IK (Inverse Kinematics)
The calculation of joint angles required to place a robot’s end-effector at a desired position and orientation, often computationally challenging.
Imitation Learning
Training robots by observing expert demonstrations (human or synthetic), bypassing manual reward function design.
Impedance Control
A motion-based control strategy where a robot behaves like a mechanical impedance (mass-spring-damper) at its end-effector for compliant interaction.
IMU (Inertial Measurement Unit)
A device combining accelerometers and gyroscopes (sometimes magnetometers) to measure orientation, velocity, and gravitational forces.
Industrial Automation
Integration of robots, PLCs, and conveyors to perform repetitive manufacturing tasks with high precision and throughput.
Industrial Robot
A programmable, automated machine used in manufacturing for tasks like welding, painting, assembly, and material handling, typically in a caged environment.
Industry 4.0
The fourth industrial revolution characterized by smart factories, IoT, AI, and interconnected autonomous robots and systems.
Inertia
The resistance of a robot’s body or link to changes in its state of motion; a key parameter in dynamic modeling and control.

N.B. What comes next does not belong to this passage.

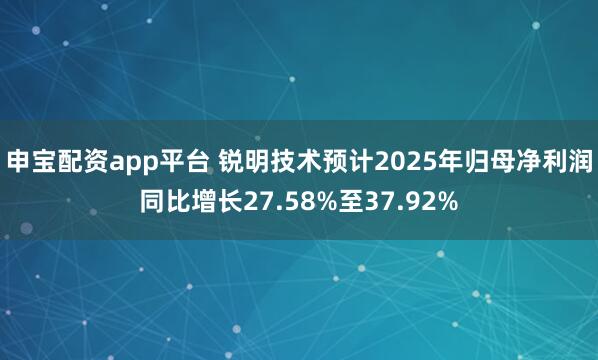 申宝配资app平台 锐明技术预计2025年归母净利润同比增长27.58%至37.92%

Inertial Measurement Unit (Imu)
A sensor that measures acceleration and angular velocity to determine orientation and movement.
Inertial Navigation
A self-contained navigation method using IMU data to estimate a robot’s position and orientation without external references.
Inspection Robot
A robot designed to examine infrastructure, pipelines, buildings, or industrial equipment for defects, corrosion, or wear.
Integrated Development Environment (IDE)
A software application providing comprehensive tools for writing, testing, and debugging robot control programs.
Integration
The process of combining robot hardware, software, sensors, and tooling into a complete working system for a specific application.
Intelligent Robot
A robot equipped with AI capabilities enabling it to perceive, learn, reason, and adapt to complex and changing environments.
Intent Recognition
Algorithms that predict human goals from gestures, gaze, voice, or physiological signals to enable proactive robot responses.
Inverse Dynamics
The calculation of required joint torques/forces to produce a desired robot motion, essential for model-based control.
Inverse Kinematics
The computation of joint angles required to achieve a desired end-effector position and orientation.
IoT (Internet of Things)
The network of interconnected devices and sensors that enables robots to share data and coordinate with other systems over the internet.
IPC (Industrial PC)
A ruggedized computer used to run robot control software in harsh industrial environments with real-time requirements.
Isaac Sim
NVIDIA’s robotics simulation platform for designing, testing, and training robots using synthetic data and GPU-accelerated physics.
ISO 10218 / ISO/TS 15066
International standards defining safety requirements for industrial robots and collaborative robot applications.